As a matter of fact, 34% of the 479 freshmen who were studied across 4 high schools exhibited signs of hearing loss. The cause? Scientists believe that earbuds and headphones connected to mobile devices are contributing to the problem. And everyone’s at risk.
Why do people under 60 get hearing loss?
If others can hear your music, it’s too loud and that’s a basic rule for teenagers and everybody. If you listen to sounds above 85dB (around the volume of a vacuum cleaner) for extended periods of time, your hearing can be damaged. The majority of mobile devices can go well above 105dB. In this scenario, damage begins to happen in under 4 minutes.
It might seem like everybody would know this but teenagers often have their headphones in for hours at a time. They’re playing games, watching footage, or listening to music during this time. And if the latest research is to be believed, this time will only get longer over the next few years. The production of dopamine acts in a similar way to addictive drugs and research has demonstrated that smartphones and other screens can activate the release of dopamine. Kids’ hearing will suffer as it becomes harder to get them to put down their devices.
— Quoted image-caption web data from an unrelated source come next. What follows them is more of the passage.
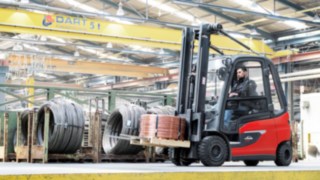 Der neue Linde-Elektrostapler E30 mit Linde Steer Control Der neue Linde-Elektrostapler E30 mit Linde Steer Control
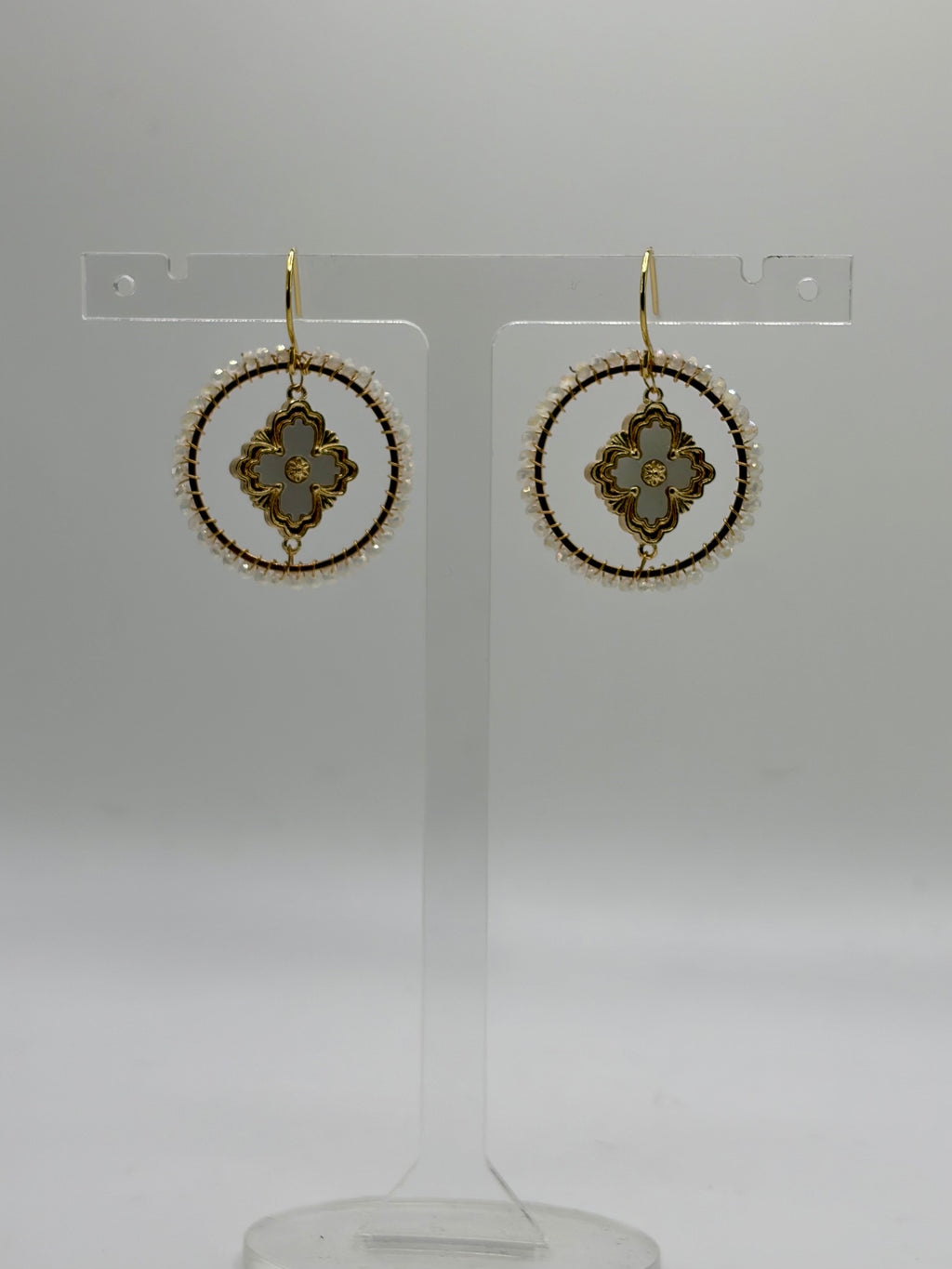 Medium Embellished clover earrings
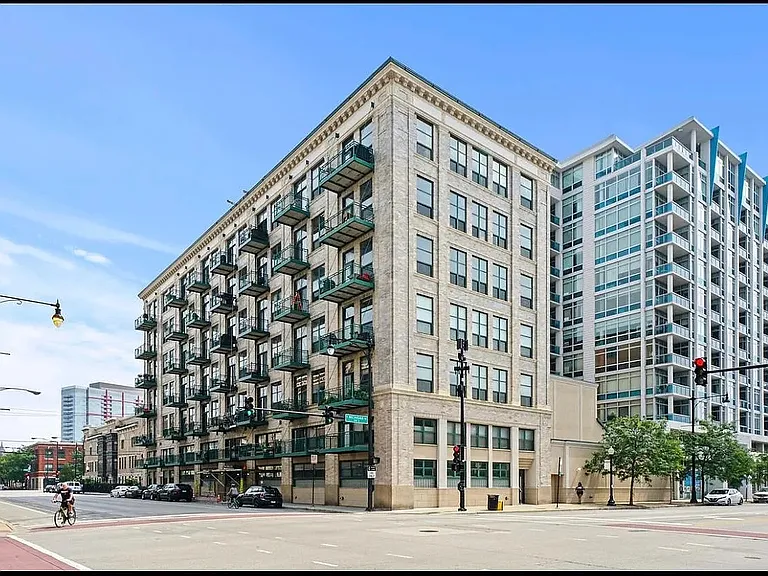 1801 S Michigan Ave #502 — Photo 10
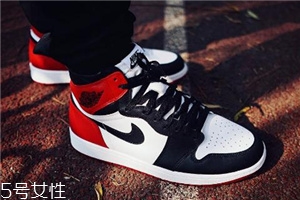 aj 1黑腳趾有女款嗎？aj 1黑腳趾有女生碼數(shù)嗎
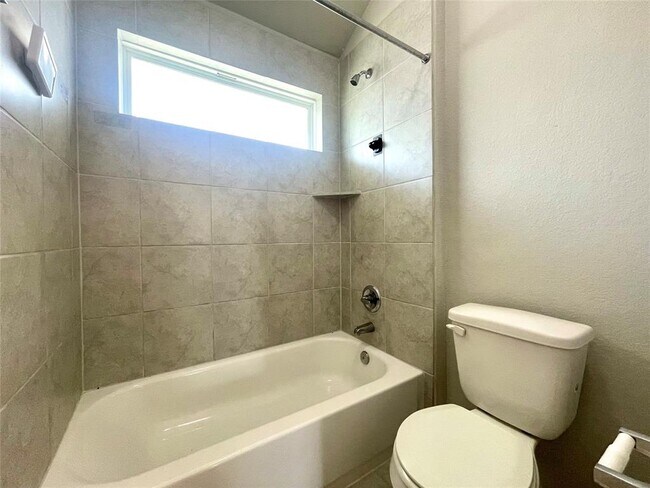 Building Photo - 6701 Wolf Pack Dr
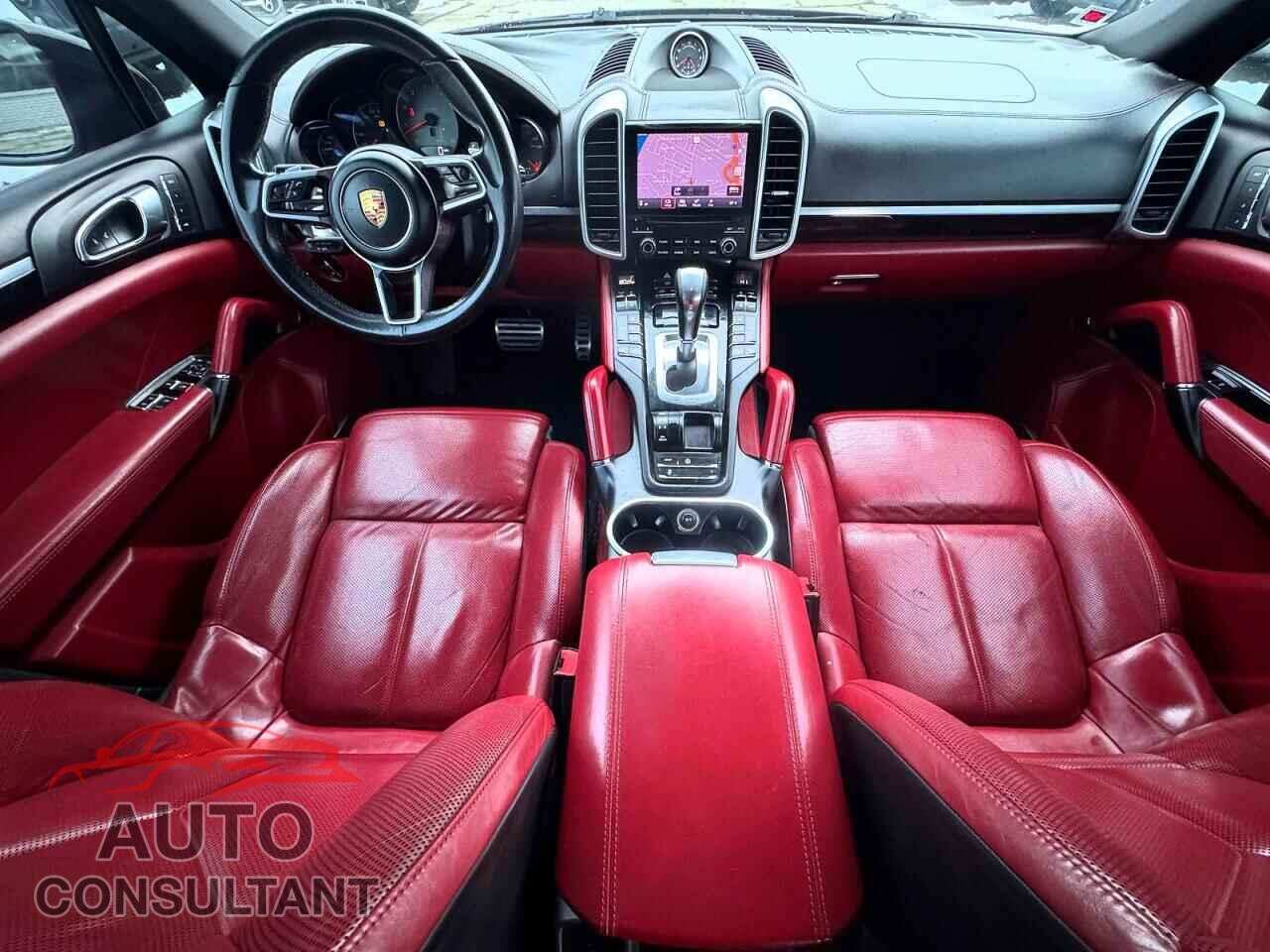 PORSCHE CAYENNE 2017 - WP1AB2A2XHLA53128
Young people are in danger of hearing loss
Clearly, hearing loss creates multiple obstacles for anybody, regardless of age. Younger individuals, however, face added issues regarding academics, after-school activities, and even job possibilities. Students with hearing loss face a particularly difficult time hearing and understanding concepts. It also makes participating in sports much harder, since so much of sports requires listening to coaches and teammates giving instructions and calling plays. Early hearing loss can have a detrimental impact on confidence as well, which puts unnecessary roadblocks in front of teenagers and young adults who are entering the workforce.
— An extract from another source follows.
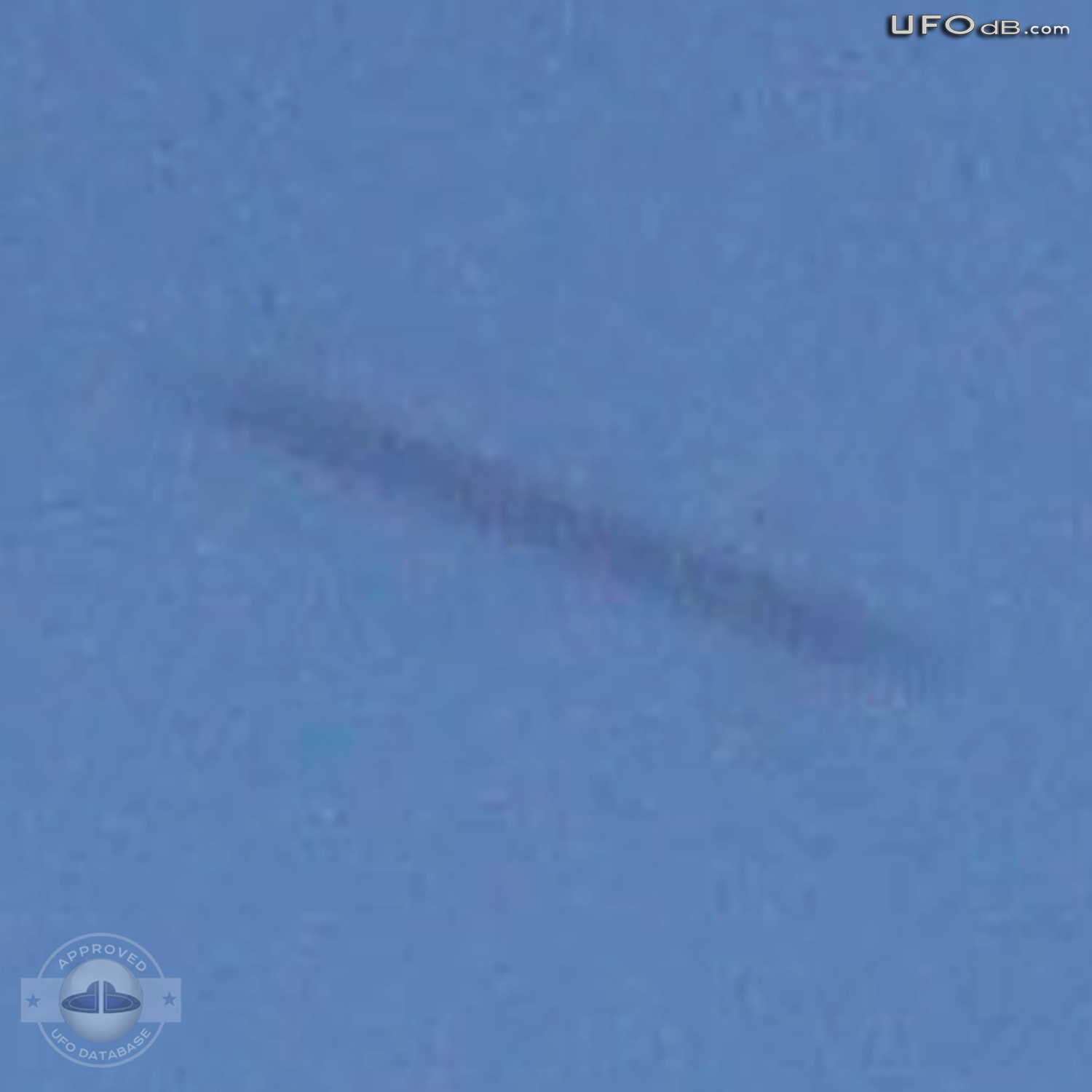 Guarulhos Airport, Brazil | UFO near airplane taking off | April 2011 UFO Picture #337-5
Social problems can also continue due to hearing loss. Kids who have damaged hearing have a harder time interacting with peers, which frequently leads to social and emotional issues that require therapy. Mental health issues are common in people of all ages who suffer from hearing loss because they frequently feel isolated and experience anxiety and depression. Mental health treatment and hearing loss management frequently go together and this is especially true with kids and teenagers in their early developmental years.
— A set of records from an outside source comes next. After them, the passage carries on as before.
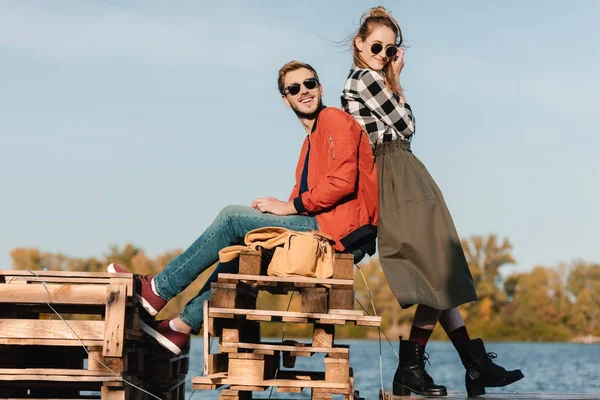 Glückliches Paar auf der Seebrücke — Stockfoto
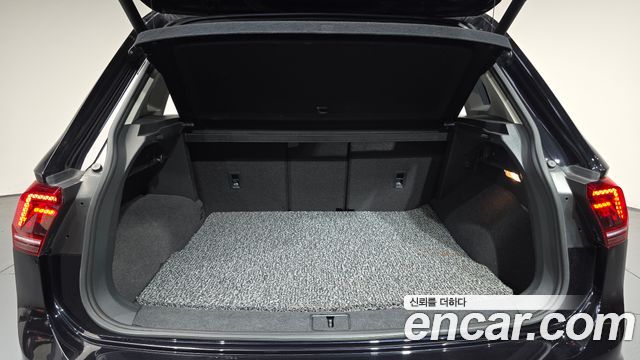 Volkswagen Tiguan (II) 2.0 TDI 4Motion Prestige 2018 — фото 27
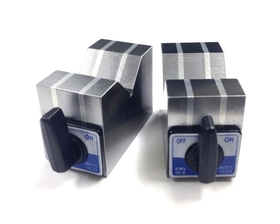 ABS Import Tools 2 X 2-1/2 X 2 -3/4 ALUMINUM CAST MAGNETIC V-BLOCK SET (3402-0890)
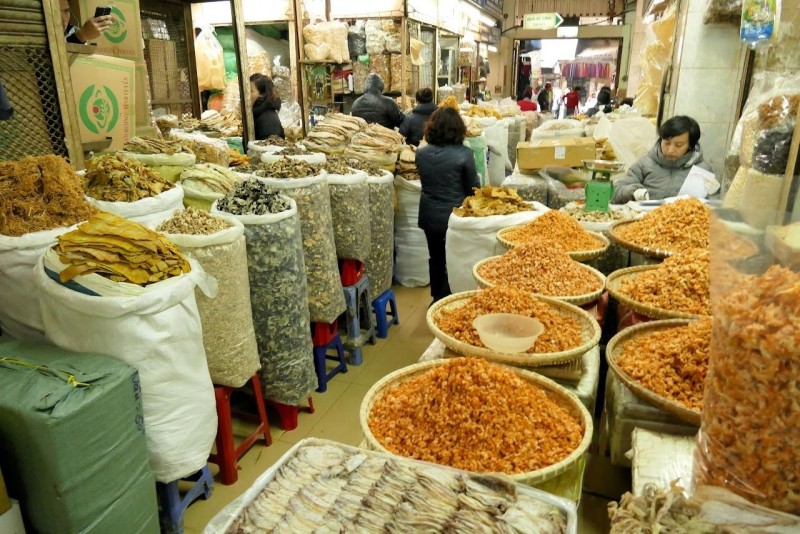 Dried Goods Stalls at Dong Xuan Market Various dried goods on display at Dong Xuan Market in Hanoi, Vietnam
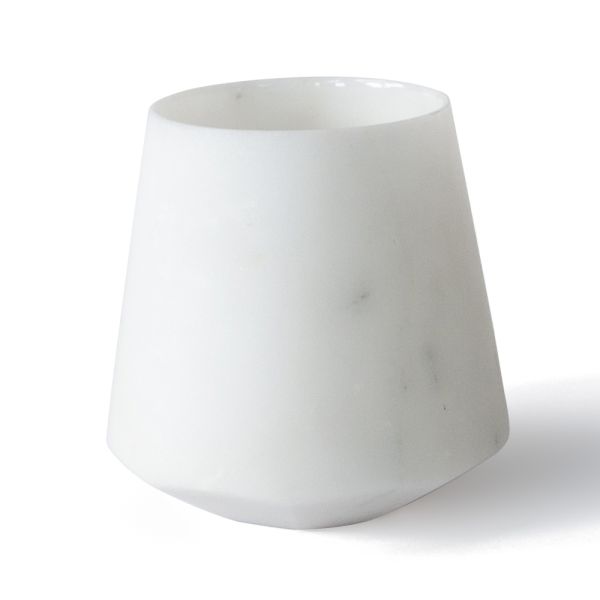 Wasserglas im italienischen design aus satiniertem carrara-marmor - scaglio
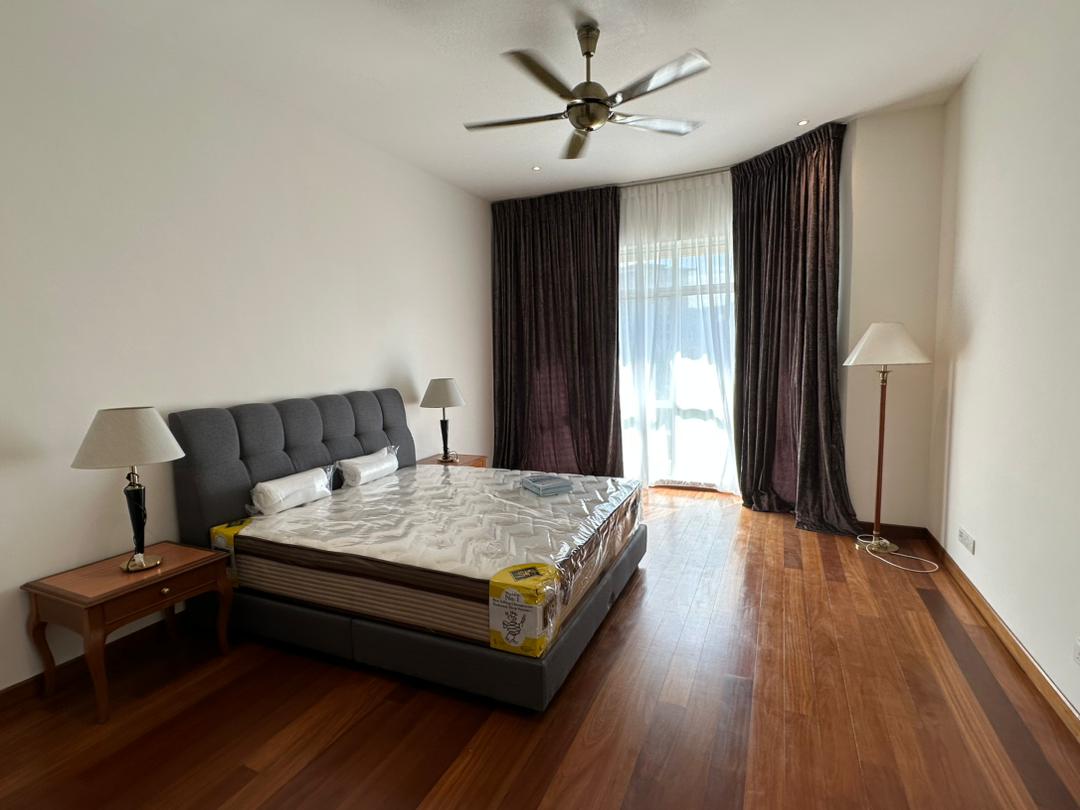 Hillcrest Residence For Rent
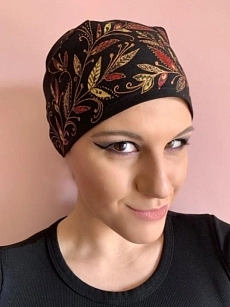 Šátek černý červené a zlaté listy 03.jpg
Preventing hearing loss when you’re young
The first rule to follow is the 60/60 rule – devices and earbuds should only be used for 60 minutes a day at 60% or less of the highest volume. Even at 60%, if others can still hear the music, it needs to be turned down.
It also may be smart to switch back to over-the-ear style headphones and quit using earbuds. In comparison to traditional headphones, earbuds put inside of the ear canal can actually create 5 to 10 extra decibels.
Generally, though, do what you can to control your child’s exposure to loud sounds throughout the day. Try to make their home time free of headphone use because you can’t control what they’re doing while they’re not home. And if you do think your child is suffering from hearing loss, you should have them examined as soon as possible.